# ? for you guys



## drywall guy158 (Dec 31, 2009)

has anyone used a u.s.g. corner bead roller on trim tex mud set bead ??? if so how did it do....

have a job to do and the h/o got the usg paper face corner bead , was going to buy the usg roller if it will work with the trim tex corner bead also. and was going to get a mud app. for my mud tube that has been on the shelf for a long time collecting dust......will any mud app fit a "better than ever" tube ???


----------



## VANMAN (Jan 14, 2011)

drywall guy158 said:


> has anyone used a u.s.g. corner bead roller on trim tex mud set bead ??? if so how did it do....
> 
> have a job to do and the h/o got the usg paper face corner bead , was going to buy the usg roller if it will work with the trim tex corner bead also. and was going to get a mud app. for my mud tube that has been on the shelf for a long time collecting dust......will any mud app fit a "better than ever" tube ???


If ur going for a new roller get a tapepro 1!:yes:
Best there is buy far! Works on the mudset beads 2!
Not any mud app will fit bte as the ball is 2 big!!


----------



## 2buckcanuck (Jul 9, 2010)

drywall guy158 said:


> has anyone used a u.s.g. corner bead roller on trim tex mud set bead ??? if so how did it do....
> 
> have a job to do and the h/o got the usg paper face corner bead , was going to buy the usg roller if it will work with the trim tex corner bead also. and was going to get a mud app. for my mud tube that has been on the shelf for a long time collecting dust......will any mud app fit a "better than ever" tube ???


Vanman is right, the ball end is a bit bigger, but it's better if it's a bit bigger, and not smaller(thats what she said:whistling2

Just bunch up some sanding paper.(80 grit to start, finer grit later), and start grinding it down a bit. Just pretend your trying to open a twist off beer cap for 15 minutes or so.......

You could buy a new ball end, but I'm not sure if the can-am or the tapepro ball end will fit on the end of the BTE tube, think the thread size might be different. Don't matter, most of the BTE applicator heads are [email protected] anyhow.....:whistling2:

As for the roller, Vanman is right again:blink:

The tapepro one (trim-tex) is the best bead roller out there, I would give the can-am a close second, though I have not tried the columbia one, I have tried quite a few though. If worse comes to worse, just get the most plain Jane roller you can get.

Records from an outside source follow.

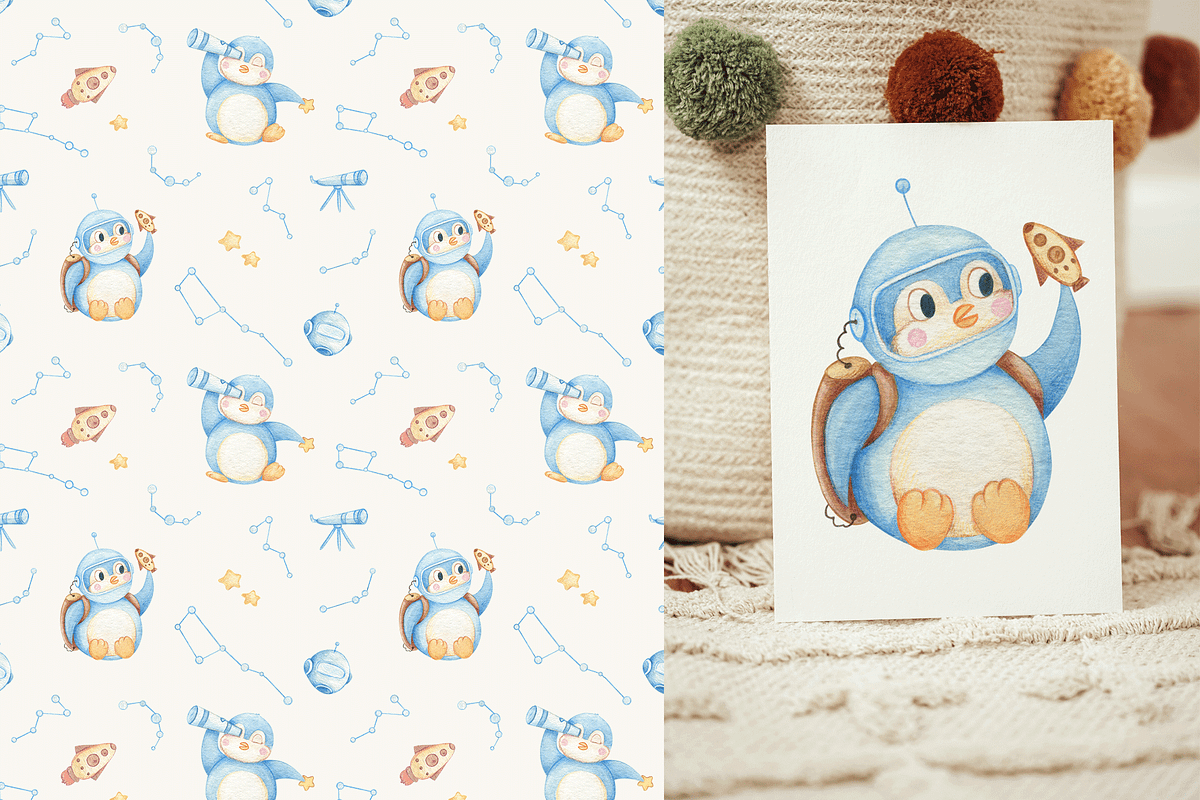 Space Penguin Clipart & Patterns, a Pattern Graphic by Lagniappe Art (Photo 6 of 15)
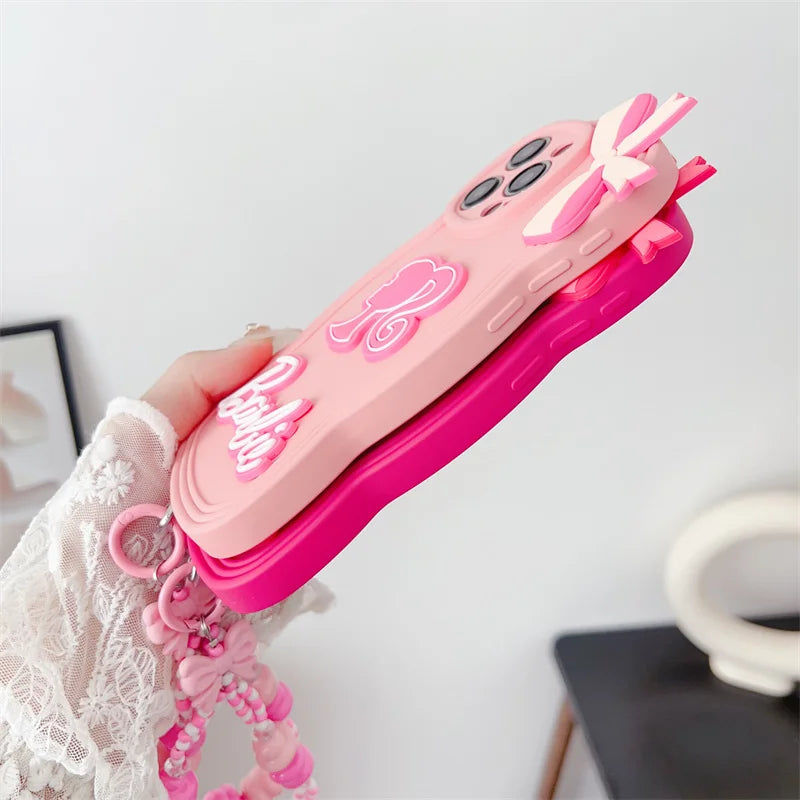 Barbie Pink Phone Case - Cute Cartoon Silicone Cover for iPhone 15 14 13 12 11 Pro Max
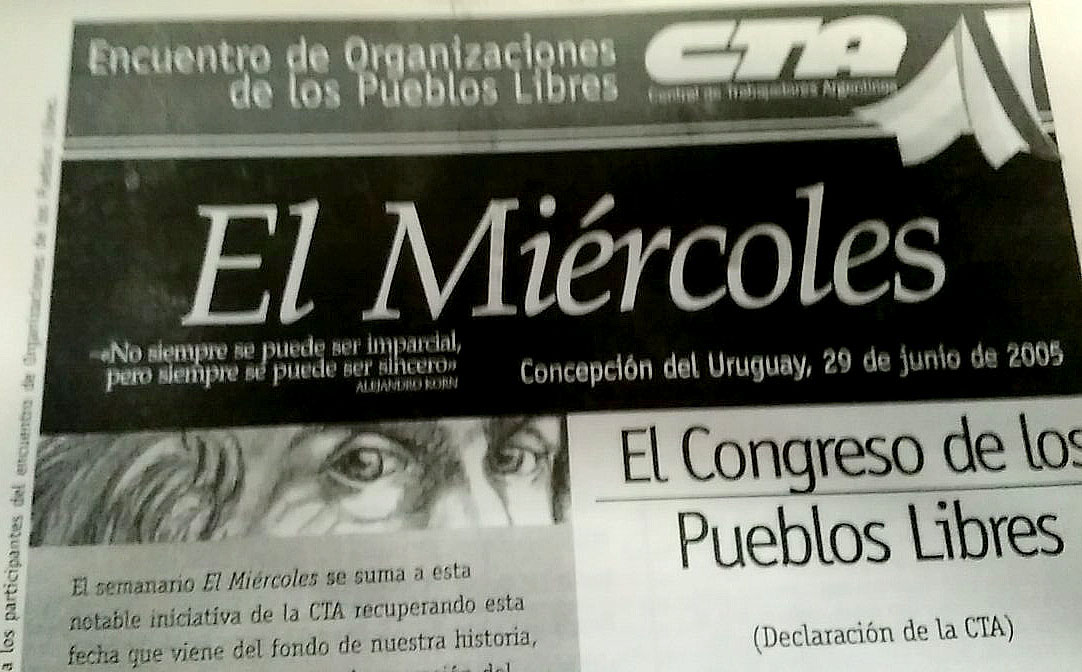Semanario El Miercoles en el 2005. Este medio fue uno de los organizadores del Encuentro de los Pueblos Libres. (Archivo: El Miércoles Digital).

Avoid ones with dips, dives or fancy humps on them. Just plain flat wheels, like the ones on your angle/internal roller when installing angle tapes.

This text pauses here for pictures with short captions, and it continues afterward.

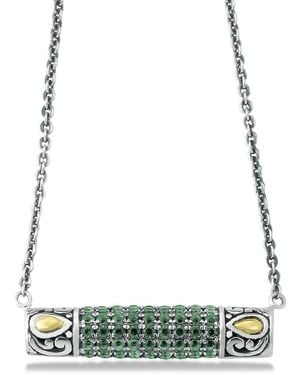 Samuel B. 18K & 1.08 Ct. Tw. Emerald Necklace - Green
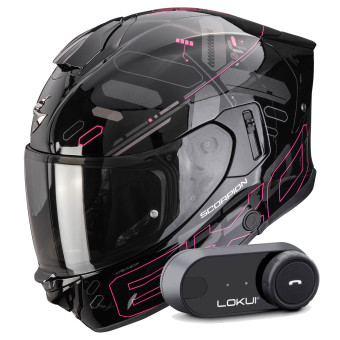 Casque Integral Scorpion Exo 530 Air Fond Black Pink + Kit Bluetooth Lokui K30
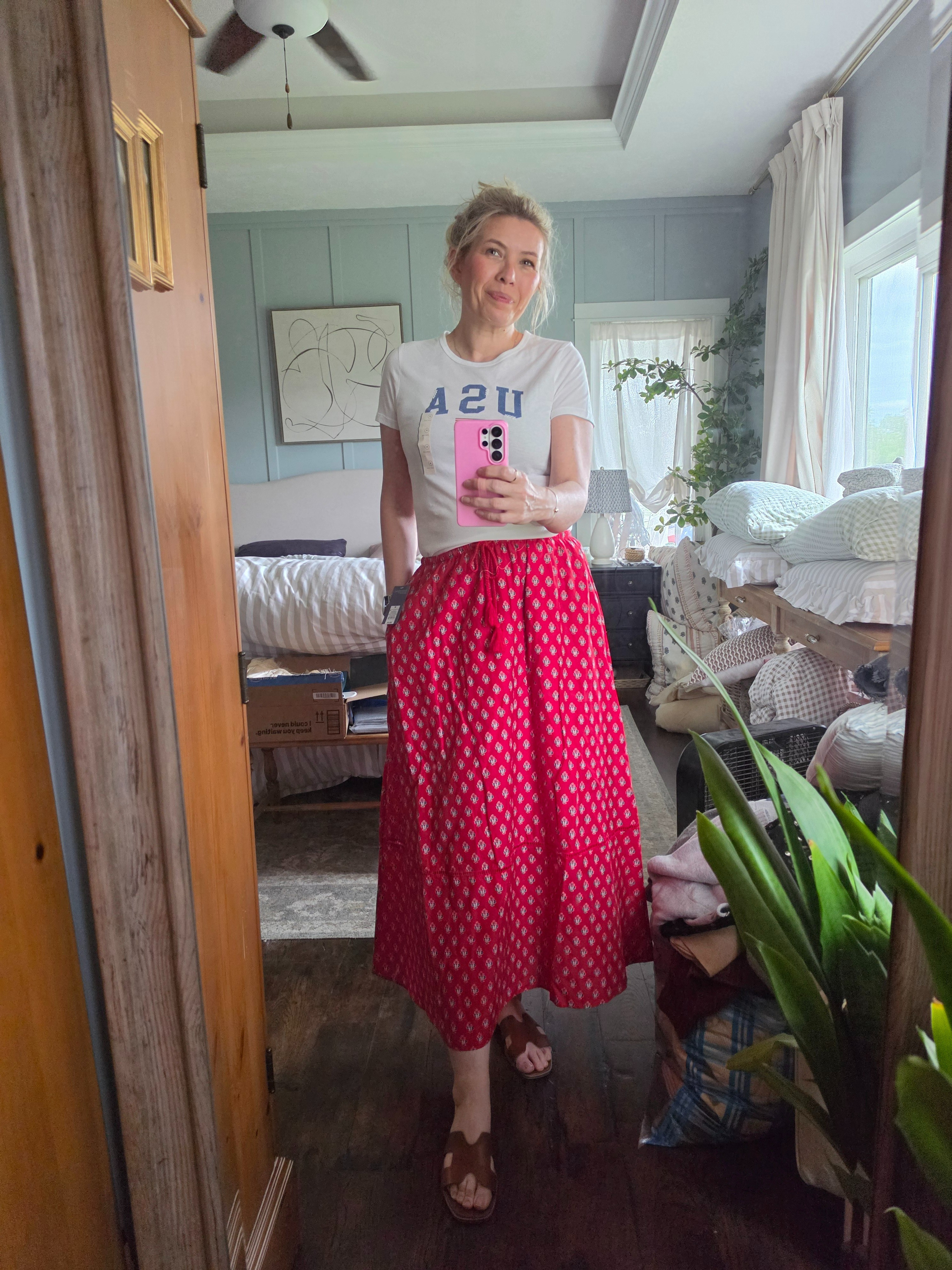 I ordered the top in a large because this medium is a little too tight. But I love it! The skirt is a medium.  All from Target!

#LTKootd #LTKSeasonal #LTKOver40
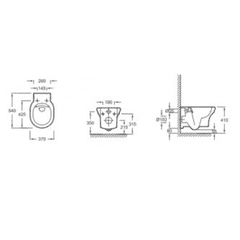 Pack WC suspendu sans bride JACOB DELAFON Cléo 1889 + abattant + bâti-support + plaque rectangle blanche 3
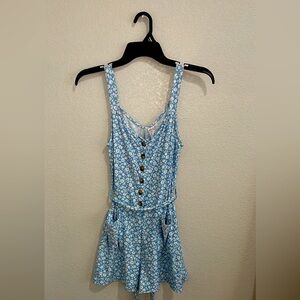 Blue and white flower romper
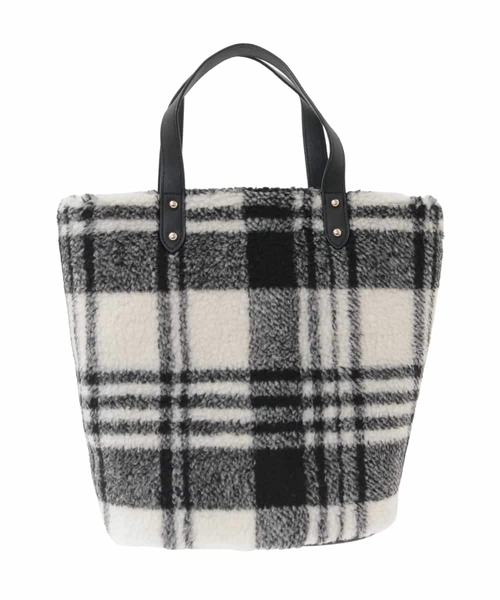 a.v.v（アーヴェヴェ）の「ボアトート（トートバッグ・レディース・アイボリー/ブラック・38）」の6枚目の写真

Since I'm guessing you sorta new to the roller so.......

The principle of it is to press the bead in tight, roll out the mud even behind the paper(no air pockets, and sets the bead), and most important, it replaces the need to wipe the bead down with a knife. So you merely half to scrap the excess mud off, or coat them out right away. So roll and coat right away, no need to wipe the bead down,,,, it already is:yes:

If doing the scrapping method, avoid contact with the nose of the bead with your knife, keeps them clean. Just think, if you have a knife on a wiping pole, you can now do 12 foot high vertical beads, without your feet ever leaving the ground:thumbup:


----------